Absentee ballots transformed the 2020 general election, with more than 65 percent of Moore County voters opting to cast their vote ahead of Election Day.
By election day itself, less than 10,000 voters actually waited to vote in-person at one of the county’s 25 precinct polls.
As with all elections, the Moore County Board of Elections has begun the 10-day post-election process of counting the remaining ballots and conducting audits to verify the results. North Carolina elections officials have requested patience with the process and noted it may take a few weeks before the voter history records are fully updated.
In recent days, the State Board of Elections and county boards of elections have been inundated with questions from voters about whether their absentee by-mail or early voting one-stop ballot was counted in the 2020 general election.
Voters may confirm the status of their ballot by using the Voter Search online tool at https://vt.ncsbe.gov/RegLkup/ and entering your first and last names and “Moore County” in the search boxes.
If you cannot locate your voter information, try a "Sounds Like" search or omit your middle initial or birth year. If you still cannot locate your voter information, contact the Moore County Board of Elections.
Importantly, all ballots cast prior to Election Day are considered “absentee voting.” If you voted in-person during the early voting period, your ballot information will be listed under the “Your Absentee Ballot” tab, not your voter history.
There were 58,033 ballots cast locally out of 74,032 registered voters in the 2020 general election. The final vote counts for each race are expected to increase slightly as remaining outstanding ballots are received. Absentee by-mail ballot envelopes postmarked by Nov. 3 and received by Nov. 12 will be counted. In addition, military and overseas ballots received by 5 p.m. November 12 will also be counted.

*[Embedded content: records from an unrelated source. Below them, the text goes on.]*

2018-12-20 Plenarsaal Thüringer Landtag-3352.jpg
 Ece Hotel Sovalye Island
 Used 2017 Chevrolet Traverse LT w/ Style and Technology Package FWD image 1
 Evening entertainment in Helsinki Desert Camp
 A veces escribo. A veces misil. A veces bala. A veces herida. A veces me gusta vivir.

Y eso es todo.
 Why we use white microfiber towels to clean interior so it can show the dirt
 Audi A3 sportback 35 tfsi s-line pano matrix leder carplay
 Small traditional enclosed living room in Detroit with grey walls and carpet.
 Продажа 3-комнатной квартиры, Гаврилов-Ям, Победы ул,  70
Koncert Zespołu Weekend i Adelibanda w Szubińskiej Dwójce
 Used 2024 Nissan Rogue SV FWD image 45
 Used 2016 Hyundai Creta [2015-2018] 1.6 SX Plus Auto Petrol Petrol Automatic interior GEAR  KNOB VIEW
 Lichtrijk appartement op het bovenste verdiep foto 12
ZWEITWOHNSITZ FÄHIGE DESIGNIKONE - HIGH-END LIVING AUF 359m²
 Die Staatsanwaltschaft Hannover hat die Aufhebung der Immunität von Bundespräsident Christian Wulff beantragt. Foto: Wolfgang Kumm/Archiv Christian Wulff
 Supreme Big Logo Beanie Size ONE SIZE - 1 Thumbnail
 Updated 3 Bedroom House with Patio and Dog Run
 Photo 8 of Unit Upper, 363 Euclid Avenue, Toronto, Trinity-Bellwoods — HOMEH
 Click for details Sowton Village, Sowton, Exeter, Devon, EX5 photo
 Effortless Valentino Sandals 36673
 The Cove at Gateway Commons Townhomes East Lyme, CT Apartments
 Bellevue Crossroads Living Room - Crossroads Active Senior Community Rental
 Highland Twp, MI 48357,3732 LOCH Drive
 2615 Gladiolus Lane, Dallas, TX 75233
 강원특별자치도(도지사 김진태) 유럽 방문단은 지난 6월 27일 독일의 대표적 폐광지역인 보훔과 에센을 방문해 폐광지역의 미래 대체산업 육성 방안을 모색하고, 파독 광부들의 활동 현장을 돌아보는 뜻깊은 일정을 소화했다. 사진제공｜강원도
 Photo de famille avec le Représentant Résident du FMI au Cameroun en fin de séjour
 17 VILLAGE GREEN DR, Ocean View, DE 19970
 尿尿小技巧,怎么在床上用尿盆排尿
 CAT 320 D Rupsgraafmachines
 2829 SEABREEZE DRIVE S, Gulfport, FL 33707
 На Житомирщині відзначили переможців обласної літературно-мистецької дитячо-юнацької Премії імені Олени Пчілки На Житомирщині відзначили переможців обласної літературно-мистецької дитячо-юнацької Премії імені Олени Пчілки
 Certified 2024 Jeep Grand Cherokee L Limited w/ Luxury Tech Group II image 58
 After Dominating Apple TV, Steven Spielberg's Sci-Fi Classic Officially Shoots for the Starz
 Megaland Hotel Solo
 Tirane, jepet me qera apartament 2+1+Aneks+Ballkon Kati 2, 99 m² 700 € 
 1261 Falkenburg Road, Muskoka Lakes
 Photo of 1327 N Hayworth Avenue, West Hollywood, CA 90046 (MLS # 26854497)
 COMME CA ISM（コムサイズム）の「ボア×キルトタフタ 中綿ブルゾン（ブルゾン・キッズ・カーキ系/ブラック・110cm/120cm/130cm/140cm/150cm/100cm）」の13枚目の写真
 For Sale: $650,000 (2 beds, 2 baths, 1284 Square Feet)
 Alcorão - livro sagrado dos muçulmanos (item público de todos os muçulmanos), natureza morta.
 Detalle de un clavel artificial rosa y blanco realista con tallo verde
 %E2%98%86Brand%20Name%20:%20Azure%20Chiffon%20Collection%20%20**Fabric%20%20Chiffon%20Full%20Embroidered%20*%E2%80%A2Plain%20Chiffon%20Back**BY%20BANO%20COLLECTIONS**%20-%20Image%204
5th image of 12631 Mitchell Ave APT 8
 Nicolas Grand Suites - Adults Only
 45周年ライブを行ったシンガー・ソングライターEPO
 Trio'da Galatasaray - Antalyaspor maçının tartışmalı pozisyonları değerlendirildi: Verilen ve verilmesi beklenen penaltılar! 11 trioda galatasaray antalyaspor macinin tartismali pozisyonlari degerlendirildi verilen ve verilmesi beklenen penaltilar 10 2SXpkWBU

“If you voted in person and inserted your ballot into a tabulator, your selections were immediately recorded on a memory card, and your votes were reported on election night as part of the unofficial results,” said Karen Brinson Bell, executive director of the State Board of Elections. “The post-election process ensures that all eligible voters’ ballots are counted and that voters can be confident that the results are accurate. This is a long-established process. This year is no different.”
The Moore County Board of Elections is currently scheduled to review and approve final election results Friday, Nov. 13. This meeting, like every other weekly review session, is open for public viewing through a live stream link that can be accessed from the county board’s website.
The final state canvass of results will be announced on November 24.